Still

She's finally still. Not climbing out of her skin. Its been hours and hours of whimpering and clawing and flailing around the bed. We just gave her the smallest dose of morphine(I was told its the same size dose they give tiny babies) to see if it would help make her more comfortable without "snowing" her. It seems to have worked. She's still. Awake, but a little more comfortable. I can still hear her whimpering ever so lightly, but maybe she might be able to drift off to sleep.

Still I can't believe we are here. Not just here, but really here. I want to hang on to the hope that we could be out of here in a week or two, but there is no hope of that. I want to scream "we don't want this! We want our life back!", but honestly no one is listening who can make that happen. Screaming won't help. Crying? well I hope it does because I can't seem to stop. Ashley's 5th birthday will be spent here. In a hospital room. Without our family, no friends, no celebration. Wrapping my head around that one hasn't been easy. Birthdays are important in our family. I love to celebrate the day my children were born. I like it to be done big. Making a memory that the kids will never forget. This years party was so awesome. It really was. We worked so hard on it. If only...its not going to happen.

So I'm trying to adjust. Adjust to the lack of privacy. To the fact that their is no restroom for parents use in the unit. We have to be buzzed out of the unit and go down the hall to use a restroom. Try that at 3am! Not fun. Their is no laundry facility for the families either. Its all the way across the campus. Quite a hike with your basket. I usually try and do it in the middle of the night while Ashley sleeps. I run back and forth between loads. One of the nurses does help with my laundry on the days that she works. It is one of the biggest blessings I have ever received. Truly it is. My hope is for us to be moved out of the PICU tomorrow. Just because the rooms on the floor have a restroom and a shower in them. Not really, although that makes life much easier. Its because I have to figure out how to raise my daughter here for the next few weeks to months. We need a routine. A schedule. Dr G. told me she would make sure we got a walker in the room for Ash to practice using on the days she is strong. We will have a teacher come in and work with us so she doesn't lose all the skills she has gained. We are going to try and keep on living while here so that when we get home she won't have lost everything she's gained. I wish I could figure out how to get her Amtryke here.
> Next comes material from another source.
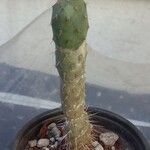 Opuntia fragilisHostoa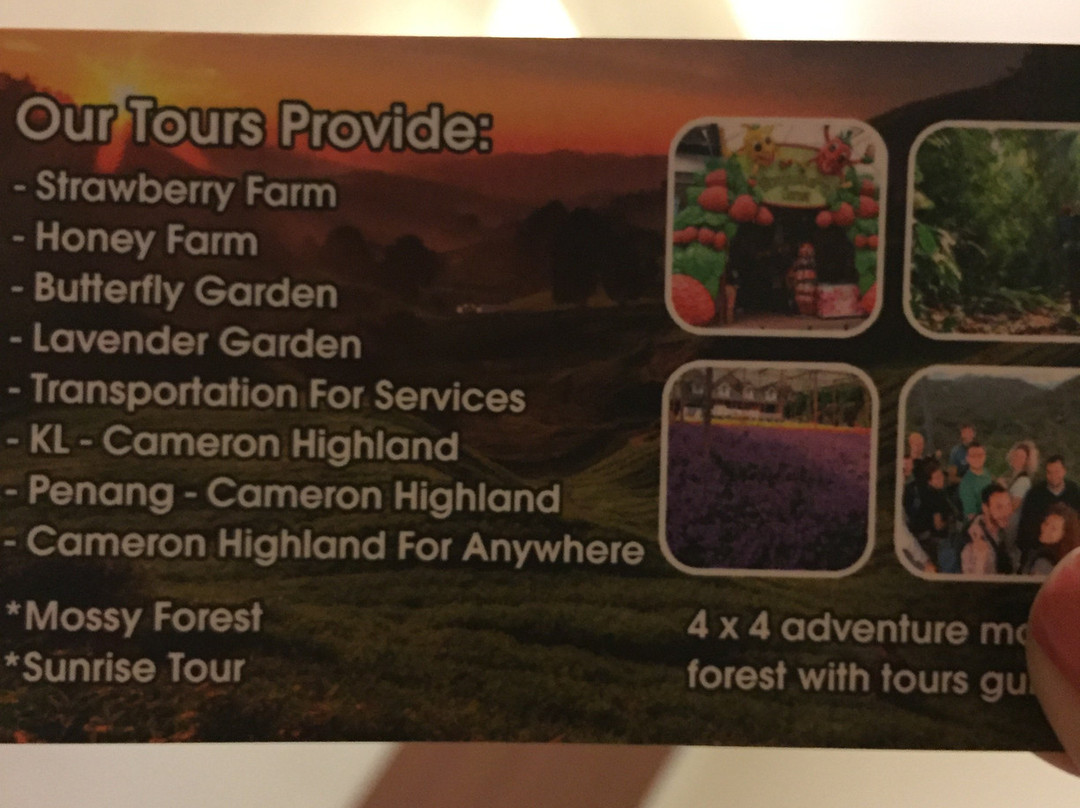 Terminal Freesia-丹那拉塔必去景点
I know it would be the biggest encourager to get her going and active again.

Each day and night its sinking in a little bit more. This isnt going to be easy for my girl. Its along road back. We really are here. Again.

I'm missing home. Missing my son. My daughter. Dave. Still...we have no choice but to do this. Again. I the two of us have what it takes to get through it all. I just keep looking at Ash and thinking if she can do this then I can too. After all I just stand here and cheer her on.